После эмиграции мы сначала оказались в Германии, откуда переехали на юг Франции. Там обосновались тысячи наших соотечественников - это была вторая Россия. Русские, как известно, не могут жить без разговоров о политике. Помню, в эмиграции было невероятное количество обществ, которые между собой сражались - на демократическом уровне, спорили. Собирались каждое воскресенье после церкви в саду и устраивали идеологические поединки. Нас, детей, учили, как вести себя. Мы воспитывались с идеей, что надо что-то делать для России. Я и теперь занят мыслями, что можно сделать. В то же время среди нынешних представителей страны я не вижу людей с подобными стремлениями. Их довольно много, этих новых русских, даже в Лихтенштейне. Они зарабатывают здесь деньги, но не приносят пользы России. Я не вижу, чтобы они что-то делали для своей страны!

- Как выживали русские эмигранты?

Многие бывшие обладатели имений понятия не имели, как заработать на жизнь, мало кто держал за границей счета или недвижимость. Устраивались каждый по-своему. В Париже почти все таксисты были русскими эмигрантами, потому что на родине имели автомобили. Мой папа, к примеру, один из первых в России приобрел машину. Женщины работали официантками, но очень многие прозябали в нищете, переживая трудные времена. Хотя запомнились не только тяготы. Например, в нашем доме в Ницце организовался, можно сказать, кружок русской эмиграции. Все знали, что моя мама к четырем часам дня ждет гостей на чай. Бывало, она вздыхала: «Ну вот, никого нет, придется пить чай в одиночестве». Но в последнюю минуту обязательно кто-то приходил. Я возвращался из школы, и мама меня звала: «Иди сюда, познакомься…» Я точно помню, что у нас бывал знаменитый танцовщик Серж Лифарь, приходил Шаляпин - пел и играл на рояле. Но мне было 10 лет - какого черта мне было слушать его пение, когда хотелось на улицу, где ждали друзья, чтобы кататься на велосипеде.

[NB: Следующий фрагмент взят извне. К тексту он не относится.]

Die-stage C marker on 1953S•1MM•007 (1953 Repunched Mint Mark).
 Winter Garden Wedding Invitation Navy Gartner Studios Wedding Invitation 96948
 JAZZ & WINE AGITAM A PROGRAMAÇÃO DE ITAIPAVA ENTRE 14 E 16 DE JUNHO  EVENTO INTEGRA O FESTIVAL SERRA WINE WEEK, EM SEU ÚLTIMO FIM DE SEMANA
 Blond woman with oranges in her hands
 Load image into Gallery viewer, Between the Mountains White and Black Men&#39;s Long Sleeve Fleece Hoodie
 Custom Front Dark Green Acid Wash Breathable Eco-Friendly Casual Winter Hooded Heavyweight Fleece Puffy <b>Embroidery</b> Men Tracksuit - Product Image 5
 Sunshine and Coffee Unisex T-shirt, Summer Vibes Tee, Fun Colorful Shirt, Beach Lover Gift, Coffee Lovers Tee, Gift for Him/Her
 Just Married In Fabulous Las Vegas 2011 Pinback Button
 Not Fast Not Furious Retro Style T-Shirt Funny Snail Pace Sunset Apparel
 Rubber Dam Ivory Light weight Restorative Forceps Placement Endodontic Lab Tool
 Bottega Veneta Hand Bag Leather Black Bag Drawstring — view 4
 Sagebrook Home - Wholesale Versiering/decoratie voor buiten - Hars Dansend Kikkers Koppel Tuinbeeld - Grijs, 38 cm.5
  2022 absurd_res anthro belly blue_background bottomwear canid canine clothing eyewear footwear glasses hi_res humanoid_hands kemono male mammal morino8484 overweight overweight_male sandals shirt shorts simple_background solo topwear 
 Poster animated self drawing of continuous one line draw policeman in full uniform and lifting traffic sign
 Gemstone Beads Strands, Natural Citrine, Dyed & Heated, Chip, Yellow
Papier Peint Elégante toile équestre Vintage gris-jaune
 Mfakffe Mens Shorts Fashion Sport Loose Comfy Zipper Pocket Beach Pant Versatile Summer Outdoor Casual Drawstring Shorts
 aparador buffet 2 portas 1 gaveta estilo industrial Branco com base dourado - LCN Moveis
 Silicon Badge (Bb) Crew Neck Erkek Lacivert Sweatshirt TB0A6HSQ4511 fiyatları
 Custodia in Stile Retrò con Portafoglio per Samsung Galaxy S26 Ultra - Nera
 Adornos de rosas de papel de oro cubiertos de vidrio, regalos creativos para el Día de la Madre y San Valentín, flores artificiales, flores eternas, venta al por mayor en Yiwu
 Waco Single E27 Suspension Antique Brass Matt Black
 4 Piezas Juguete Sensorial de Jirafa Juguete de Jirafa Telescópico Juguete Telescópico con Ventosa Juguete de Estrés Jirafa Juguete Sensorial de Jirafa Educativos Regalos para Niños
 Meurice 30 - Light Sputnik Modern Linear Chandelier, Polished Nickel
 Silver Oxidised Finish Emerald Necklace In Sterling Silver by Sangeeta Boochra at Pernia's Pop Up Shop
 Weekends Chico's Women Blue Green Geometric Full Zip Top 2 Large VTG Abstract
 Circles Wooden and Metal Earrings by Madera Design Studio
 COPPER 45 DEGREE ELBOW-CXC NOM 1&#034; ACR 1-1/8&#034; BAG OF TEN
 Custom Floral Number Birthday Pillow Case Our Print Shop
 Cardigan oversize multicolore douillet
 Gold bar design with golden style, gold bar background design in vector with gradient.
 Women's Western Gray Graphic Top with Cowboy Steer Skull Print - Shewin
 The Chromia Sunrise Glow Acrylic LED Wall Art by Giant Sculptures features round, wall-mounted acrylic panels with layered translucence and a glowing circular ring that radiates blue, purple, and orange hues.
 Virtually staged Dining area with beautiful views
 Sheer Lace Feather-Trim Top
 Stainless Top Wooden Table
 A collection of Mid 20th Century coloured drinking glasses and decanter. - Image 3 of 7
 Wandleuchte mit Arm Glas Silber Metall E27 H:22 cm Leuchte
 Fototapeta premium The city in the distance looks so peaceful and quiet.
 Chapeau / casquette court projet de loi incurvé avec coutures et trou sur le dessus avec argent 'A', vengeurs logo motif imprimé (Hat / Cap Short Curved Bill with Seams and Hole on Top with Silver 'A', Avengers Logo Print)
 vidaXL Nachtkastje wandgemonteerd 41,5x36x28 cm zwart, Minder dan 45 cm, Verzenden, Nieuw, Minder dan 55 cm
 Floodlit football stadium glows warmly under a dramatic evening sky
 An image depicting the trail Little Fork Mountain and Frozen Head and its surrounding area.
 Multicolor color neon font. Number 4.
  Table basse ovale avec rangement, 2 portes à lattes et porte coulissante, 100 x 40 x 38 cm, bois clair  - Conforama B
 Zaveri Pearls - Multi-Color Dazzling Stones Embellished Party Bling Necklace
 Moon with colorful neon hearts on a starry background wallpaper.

- Чем вы занимались, когда подросли?

Я получил образование на французском языке, сегодня даже думаю по-французски, хотя в семье у нас говорили по-русски. Окончил сельскохозяйственный институт, изучал садоводство. В эмигрантской среде все думали, что мы вернемся в Россию и придется заниматься восстановлением имений. Но судьба распорядилась иначе. Я всегда увлекался спортом, в частности велосипедными гонками, и в 1932 году даже выиграл чемпионат Парижа. На меня обратил внимание редактор газеты L"Auto: мол, с каких это пор аристократы начали участвовать в гонках? Надо сказать, что в Европе обожают этот вид спорта, но среди участников на турнирах «Тур де Франс» или «Тур де Итали» никогда не было персон с титулами. Аристократы обычно играют в гольф, теннис, катаются на яхтах, но не гоняют на велосипедах. И вот редактор решил со мной познакомиться, принял в своем кабинете и предложил: «В 1936 году в Берлине пройдут XI Олимпийские игры, мне нужен там корреспондент». Я, двадцатилетний, был горд, что мной заинтересовалось издание с полумиллионным тиражом и, конечно, согласился. Мне выдали аусвайс, автомобиль, и я отправился в Германию. Это был самый разгар фашистского правления. Удивительное дело: хотя я колесил по стране и делал репортажи, но не замечал того, что Германия готовится к войне. Думаю, что и другие люди этого не чувствовали, ведь по улицам не было развешено военных лозунгов. Когда Гитлер пришел к власти, он стал строить дороги, дал работу людям, так что многие были в восторге. Правда, мой дедушка встречался с Гитлером и отзывался о нем как о человеке весьма посредственного ума. Но тот выбрал повелительный тон в общении с народом, и это сработало. Я тоже видел Гитлера на Олимпиаде, и даже сфотографировал его, несмотря на охрану. Это были соревнования по бегу, фаворитами считались немец Борхмайер и темнокожий американец Джесси Оуэнс. Все были уверены, что немец победит, но первым пришел американец. Гитлер немедленно покинул стадион с крайне недовольным видом...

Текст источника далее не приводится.